Compute like Oil: GPU Futures Arrive on Wall Street
Intercontinental Exchange, the owner of the New York Stock Exchange, has announced its intention to launch a series of futures contracts on GPU compute, developed in collaboration with the startup Ornn. The announcement comes a week after a similar agreement signed by competitor CME Group with Silicon Data, marking the simultaneous entry of the two largest U.S. derivatives operators into the computing capacity market for artificial intelligence.
What Are ICE and Ornn Developing?
The contracts will be denominated in dollars and cash-settled, referencing the Ornn Compute Price Index (OCPI), which tracks spot prices traded in the GPU market for key types of hardware. The index currently covers Nvidia chips H100, H200, B200, and RTX 5090, with the possibility of extending to other models as the market develops. The launch is still subject to approval by U.S. regulatory authorities.
OCPI has an important methodological feature: it is built exclusively on actual executed transactions, not on surveys or indicative quotes, and is already distributed on the Bloomberg Terminal. It will become the benchmark rate for cleared GPU derivatives. Ornn presents itself as a financial infrastructure for the compute market and simultaneously operates its own exchange platform for risk transfer on computing capacity. According to the company, the first swap transaction on compute with cleared prices was executed in December 2025.
The Parallel Race of CME and Silicon Data
On May 12, CME Group, the largest derivatives market in the world, announced a parallel initiative in partnership with Silicon Data, a company specialized in GPU benchmarking and backed by Don Wilson's trading firm DRW. CME contracts will reference the Silicon Data H100 Rental Index, which tracks the hourly rental cost of chips used in AI training loads. The CME launch is also subject to regulatory approval, with activation expected by the end of 2026.

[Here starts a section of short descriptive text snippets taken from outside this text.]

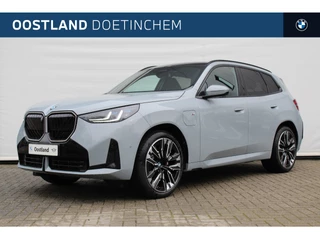 BMW X3 30e xDrive M Sport Automaat / Panoramadak / Trekhaak / Sportstoelen / Stoelventilatie / Comfort Access / Stuurverwarming / Adaptieve LED / Harman Kardon / Stoelverwarming
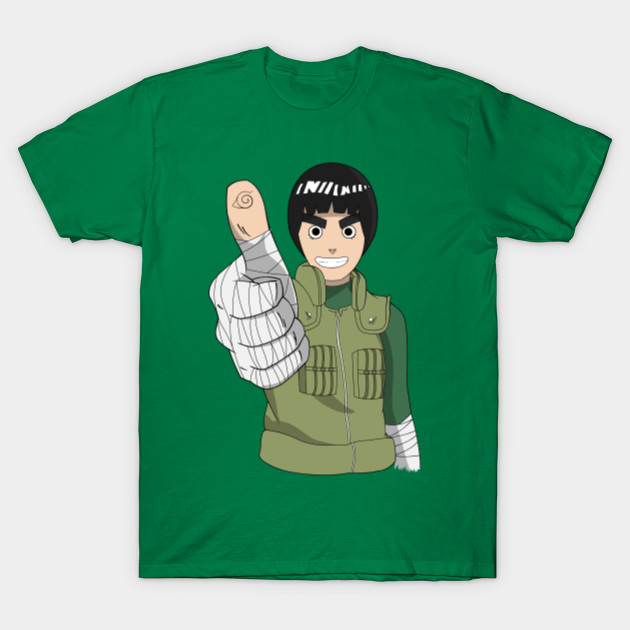 Rock Lee Rock Leed TShirt TeePublic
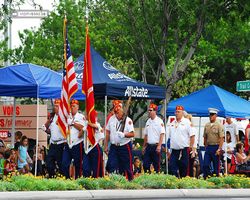 Nevada - Las Vegas - 4th of July Parade 2011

The close timing of the two announcements signals that the two main American operators now consider the institutional compute market to be mature. The historical parallel is the 1980s, when ICE Brent and CME WTI competed for the reference price of oil: the exchange that captures the most liquidity in the early months will likely set the industry benchmark.
Competition is not limited to the two giants. In January, Architect Financial Technologies launched perpetual futures traded on GPU and RAM through the AX platform, also using Ornn data, and the prediction market Kalshi has long offered bets on Nvidia compute prices. However, ICE and CME bring something that the new entrants lack: deep institutional liquidity, regulatory credibility, and the clearing infrastructure that large GPU-as-a-Service providers will require.
Compute as a Flow Commodity and Asian Settlement
The design of the contracts faces a challenge that traditional commodities do not have. Unlike oil, which can be stored in tanks, computing capacity is what traders call a flow commodity: it is consumed in real-time and cannot be accumulated. A futures contract settled on the price on the expiration day, as is the case for ICE Brent, would not reflect the actual economic exposure of those renting GPUs.
The Ornn contracts therefore adopt an Asian settlement mechanism: the final price is calculated based on the average of the daily index values over the entire duration of the contract, rather than on the price of a single day. This is the same mechanism used for electricity futures, which is also non-storable. For an AI company planning a thirty-day training cycle, the payoff thus replicates the actual average cost incurred.
The volatility that the market seeks to cover is significant. The spot rental price of Nvidia Blackwell chips, according to the Ornn index cited by the primary source, rose by 48% between mid-February and mid-April 2026, jumping from $2.75 to $4.08 per GPU-hour. For those financing a data center or planning a training budget in the tens of millions of dollars, fluctuations of this magnitude radically alter the economic balance of the project.
The actual launch of both projects remains conditional on the approval of U.S. regulatory authorities. CME has indicated a target activation date by the end of 2026; ICE has not communicated a specific timeline.